TASK PROMPT: Working from the entries that follow, transcribe exactly and only the lines from the one with "chegará o momento" through the last, pictures excluded.

PROVIDED RECORDS:
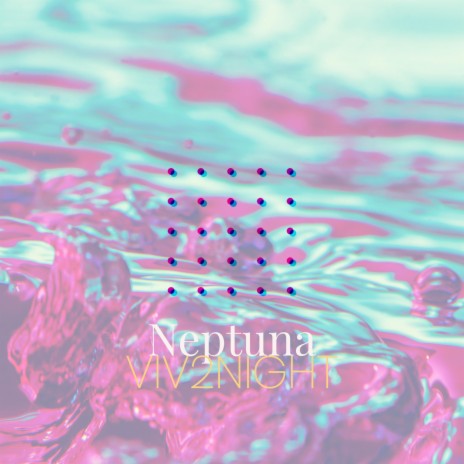Neptuna | Boomplay Music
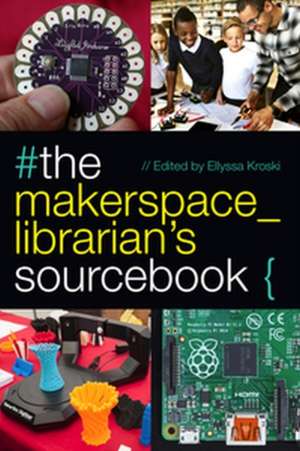 The Makerspace Librarian's Sourcebook de Ellyssa Kroski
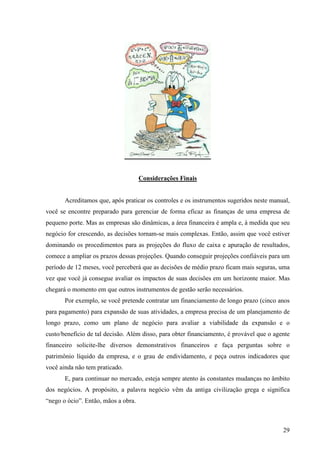 29
Considerações Finais
Hora de praticar
Acreditamos que, após praticar os controles e os instrumentos sugeridos neste manual,
você se encontre preparado para gerenciar de forma eficaz as finanças de uma empresa de
pequeno porte. Mas as empresas são dinâmicas, a área financeira é ampla e, à medida que seu
negócio for crescendo, as decisões tornam-se mais complexas. Então, assim que você estiver
dominando os procedimentos para as projeções do fluxo de caixa e apuração de resultados,
comece a ampliar os prazos dessas projeções. Quando conseguir projeções confiáveis para um
período de 12 meses, você perceberá que as decisões de médio prazo ficam mais seguras, uma
vez que você já consegue avaliar os impactos de suas decisões em um horizonte maior. Mas
chegará o momento em que outros instrumentos de gestão serão necessários.
Por exemplo, se você pretende contratar um financiamento de longo prazo (cinco anos
para pagamento) para expansão de suas atividades, a empresa precisa de um planejamento de
longo prazo, como um plano de negócio para avaliar a viabilidade da expansão e o
custo/benefício de tal decisão. Além disso, para obter financiamento, é provável que o agente
financeiro solicite-lhe diversos demonstrativos financeiros e faça perguntas sobre o
patrimônio líquido da empresa, e o grau de endividamento, e peça outros indicadores que
você ainda não tem praticado.
E, para continuar no mercado, esteja sempre atento às constantes mudanças no âmbito
dos negócios. A propósito, a palavra negócio vêm da antiga civilização grega e significa
“nego o ócio”. Então, mãos a obra.
 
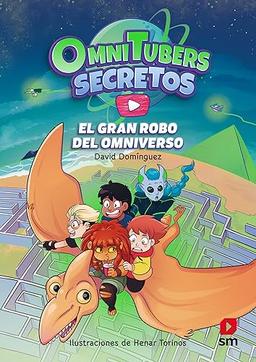 El gran robo del Omniverso (Omnitubers secretos, Band 2)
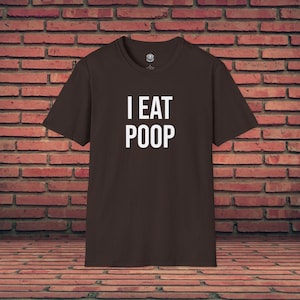 Funny T-Shirt | I Eat Poop | Bathroom Humor | Offensive Shirt | Funny Quote | Sarcastic T-Shirt | Meme Graphic Tee | Toilet Joke | Gag Gift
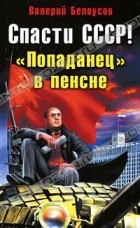 Валерий Белоусов - Спасти СССР! &quot;Попаданец&quot; в пенсне
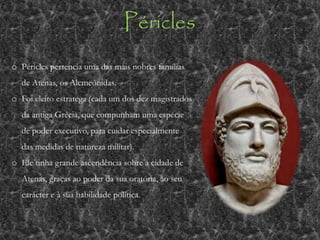 Péricles
o Péricles pertencia uma das mais nobres famílias
de Atenas, os Alcmeônidas.
o Foi eleito estratega (cada um dos dez magistrados
da antiga Grécia, que compunham uma espécie
de poder executivo, para cuidar especialmente
das medidas de natureza militar).
o Ele tinha grande ascendência sobre a cidade de
Atenas, graças ao poder da sua oratória, ao seu
carácter e à sua habilidade política.
 
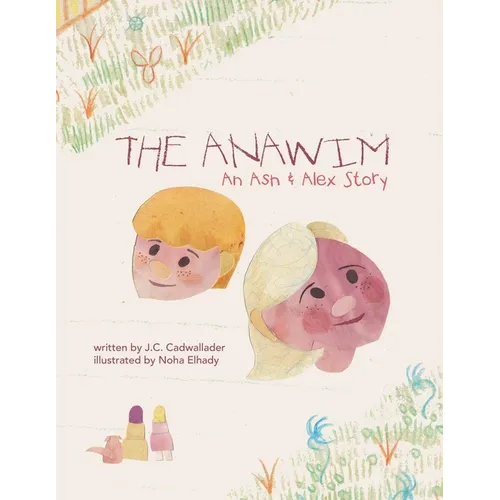 The Anawim: An Ash & Alex Story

COMPLETED TASK:
chegará o momento em que outros instrumentos de gestão serão necessários.
Por exemplo, se você pretende contratar um financiamento de longo prazo (cinco anos
para pagamento) para expansão de suas atividades, a empresa precisa de um planejamento de
longo prazo, como um plano de negócio para avaliar a viabilidade da expansão e o
custo/benefício de tal decisão. Além disso, para obter financiamento, é provável que o agente
financeiro solicite-lhe diversos demonstrativos financeiros e faça perguntas sobre o
patrimônio líquido da empresa, e o grau de endividamento, e peça outros indicadores que
você ainda não tem praticado.
E, para continuar no mercado, esteja sempre atento às constantes mudanças no âmbito
dos negócios. A propósito, a palavra negócio vêm da antiga civilização grega e significa
“nego o ócio”. Então, mãos a obra.
 
 El gran robo del Omniverso (Omnitubers secretos, Band 2)
 Funny T-Shirt | I Eat Poop | Bathroom Humor | Offensive Shirt | Funny Quote | Sarcastic T-Shirt | Meme Graphic Tee | Toilet Joke | Gag Gift
 Валерий Белоусов - Спасти СССР! &quot;Попаданец&quot; в пенсне
 Péricles
o Péricles pertencia uma das mais nobres famílias
de Atenas, os Alcmeônidas.
o Foi eleito estratega (cada um dos dez magistrados
da antiga Grécia, que compunham uma espécie
de poder executivo, para cuidar especialmente
das medidas de natureza militar).
o Ele tinha grande ascendência sobre a cidade de
Atenas, graças ao poder da sua oratória, ao seu
carácter e à sua habilidade política.
 
 The Anawim: An Ash & Alex Story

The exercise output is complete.